Be prepared to work assembly-line style by having all your ingredients lined up and ready to go before you get started.

A note about store-bought enchilada sauces: to my surprise, many of the sauces I see on market shelves are not gluten-free. In this recipe, I use tomatillo salsa with some green chiles in place of green enchilada sauce — I love how it adds tanginess to the dish. For enchiladas made with a red sauce, I start with my own Red Chile Sauce, adding flavors to suit my mood.

Larb, or Ground Meat Lettuce Cups

While you may not have heard of larb by that name, you are likely familiar with the variation known as “lettuce cups”. Lettuce cups often feature Chinese flavors while larb tends to be spicier, with flavors of Thailand and Laos.

This ground meat dish features lime juice, fish sauce, chiles, and herbs. You can use any type of ground meat, though chicken seems to be the most traditional. Serve in lettuce cups and make a little extra sauce for spooning over the completed dish if you’d like.
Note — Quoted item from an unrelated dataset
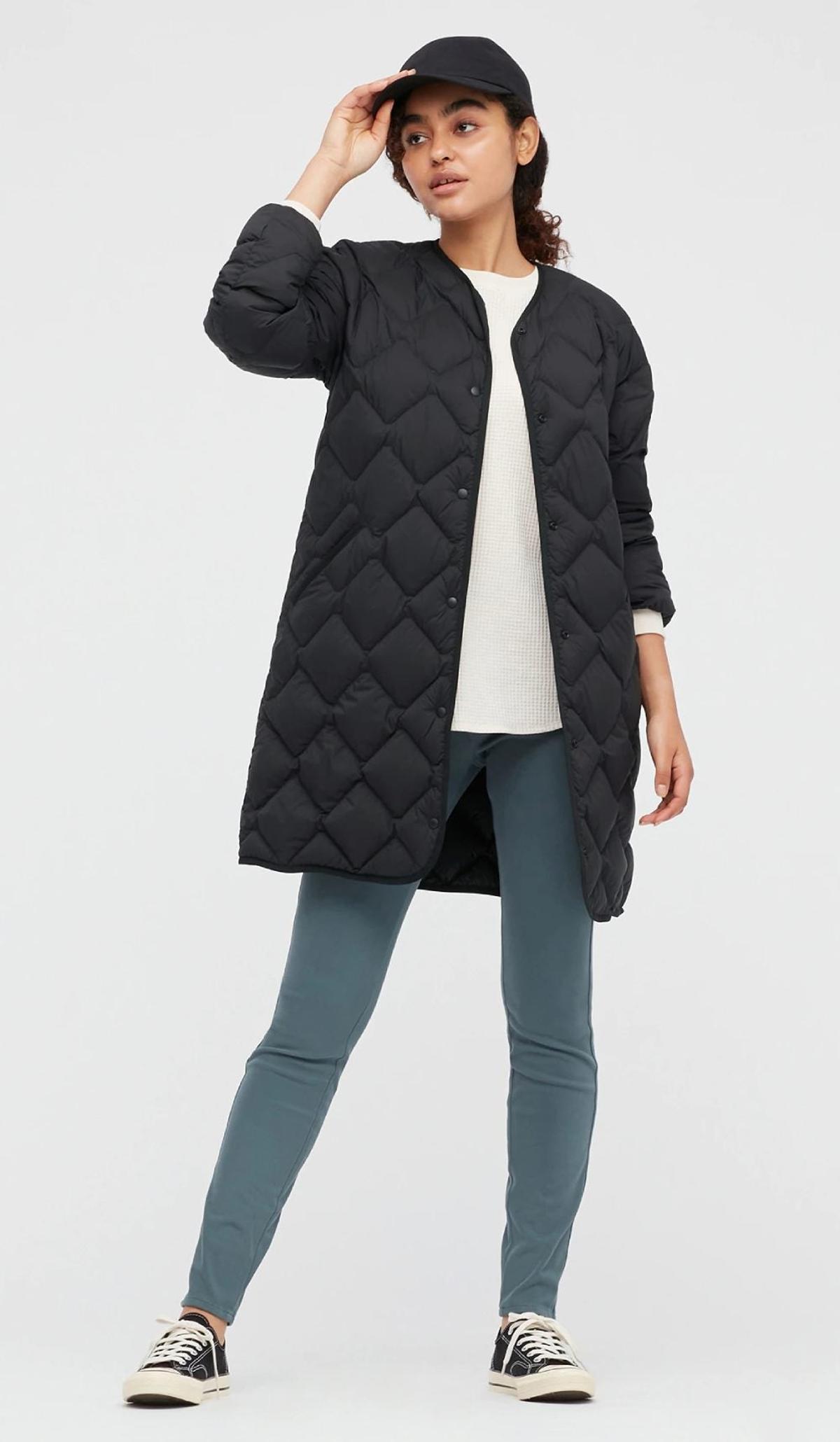 Abrigo acolchado negro de Uniqlo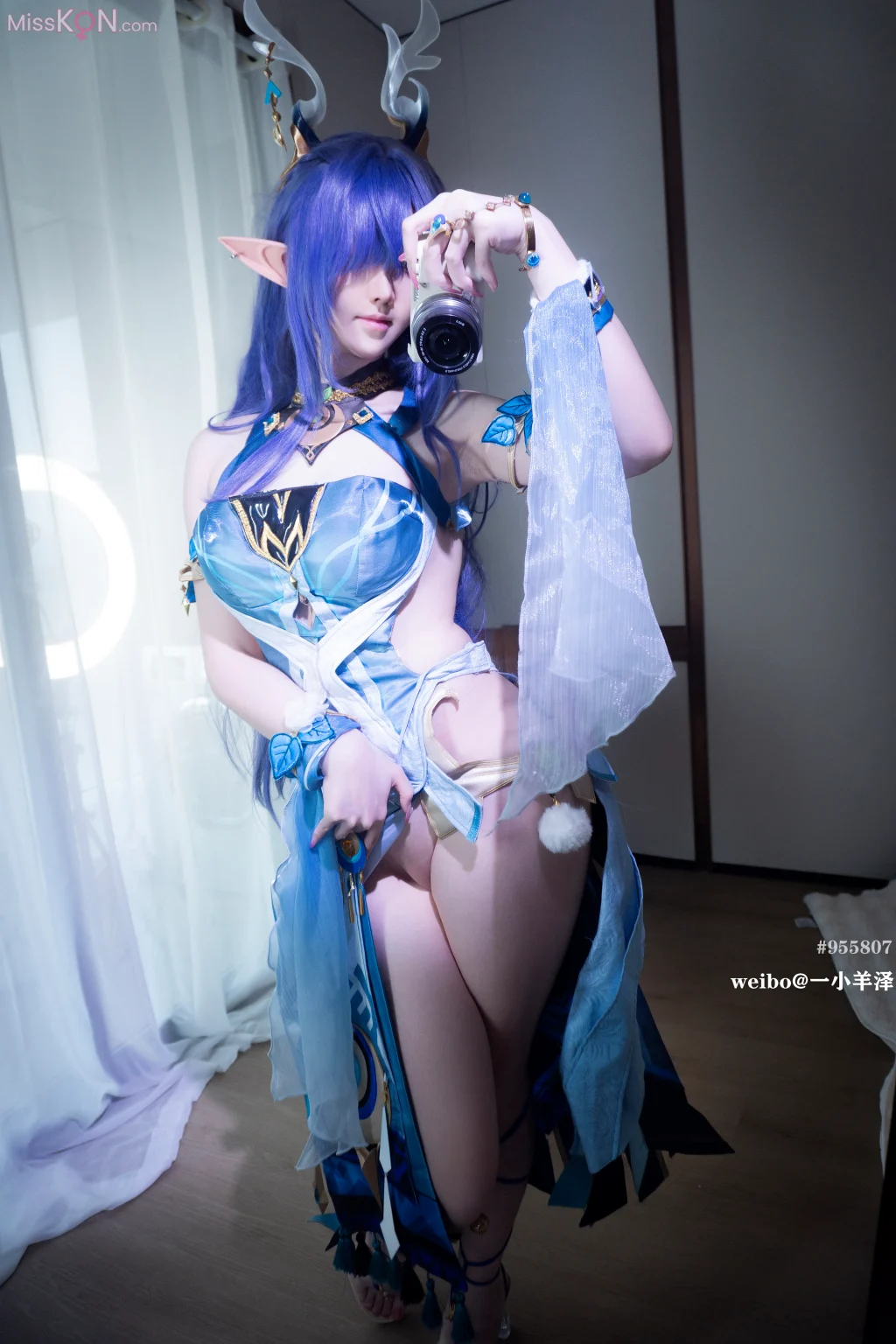 Coser@一小央泽 (yixiaoyangze): 霜铃银鹿 菈乌玛 (115 photos + 1 video)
Once interesting ingredient in this dish is ground toasted rice. It can be optional, but the rice powder adds a bit of crunchiness that is surprising, so I suggest going for it. You can toast the rice on the stove, but I prefer the oven method because it’s less hands-on — I do all the other meal prep while the rice is browning away!
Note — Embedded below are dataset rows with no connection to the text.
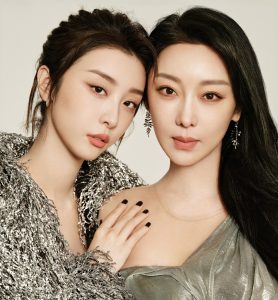 赵小棠和妈妈岳女士似双胞胎姐妹登上杂志秀美腿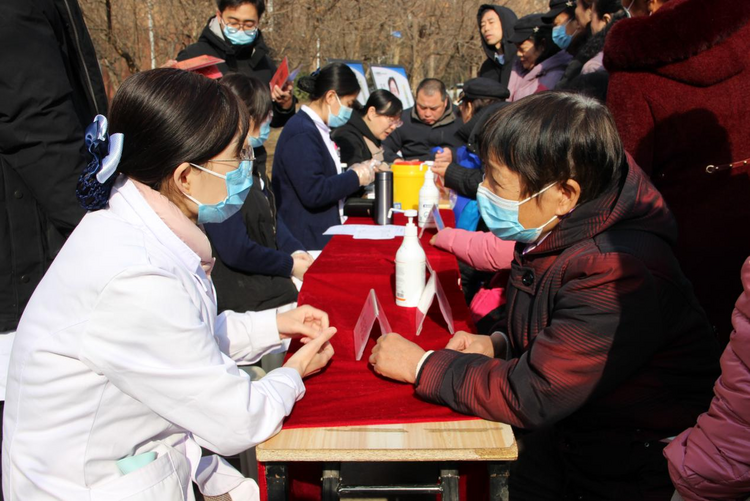 石家庄市新华区:公益“大集”进社区 为民服务零距离_fororder_图片 1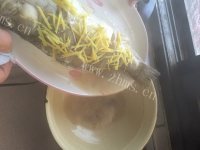 香气浓郁的清蒸鲈鱼做法图解9)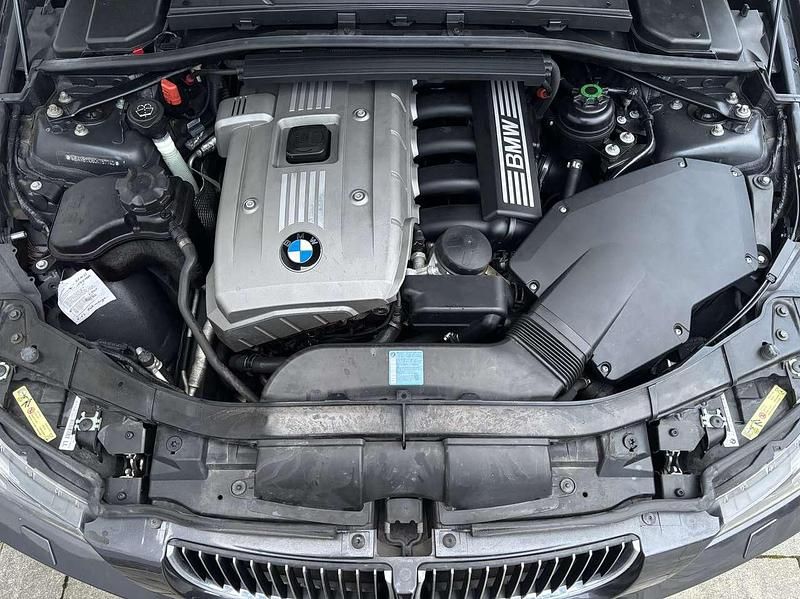 Gebraucht BMW 325 218 PS (160 kW) 2007 Limousine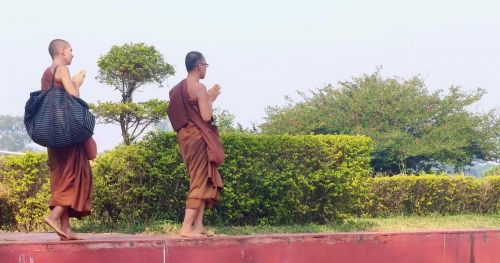 J15-06 Moines en prière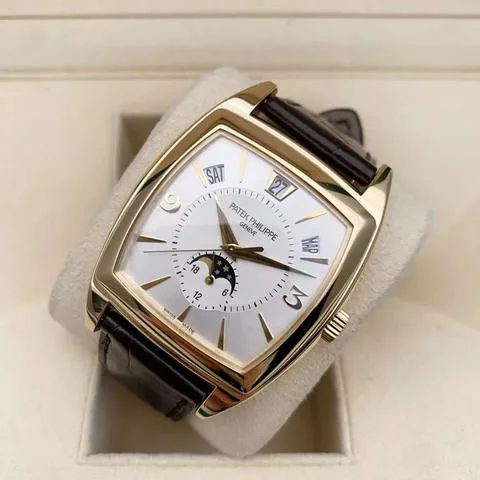 Patek Philippe Gondolo 5135J-001 51mm Yellow gold Silver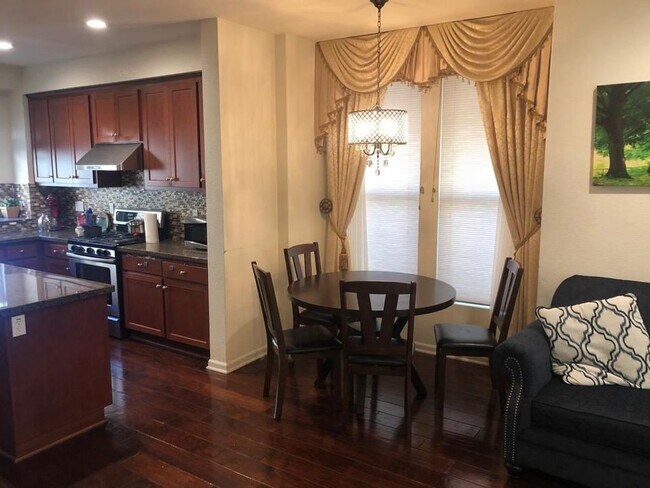 Photo - 40937 Gramercy Ter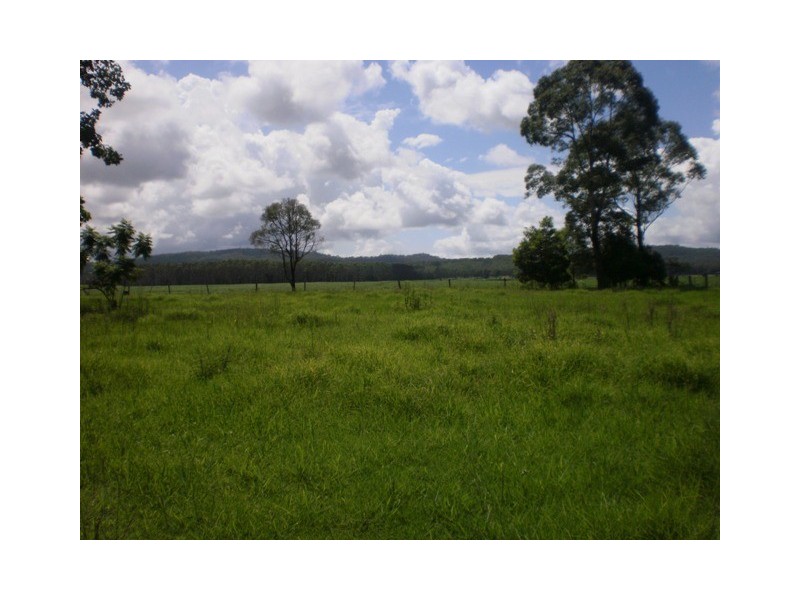 125 Roberts Creek Road, Brushgrove NSW 2460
Pizza with Chopped Artichoke Hearts, Basil, and Olive Oil

When you’re gluten-free, chances are you can’t take advantage of take-out pizza anymore. Luckily, making pizza at home is fast and easy. Using a gluten-free pizza dough mix makes it even easier. Yes, if you’re so inclined, you can make your own GF mix, but I find having a stash of mix in the cupboard makes my life easier.

Since going gluten-free, I don’t eat a lot of breads, so I don’t keep a lot of GF flours on hand. I rely on a well-stocked pantry for those days when I throw my menu aside and hope there’s something to eat in the house!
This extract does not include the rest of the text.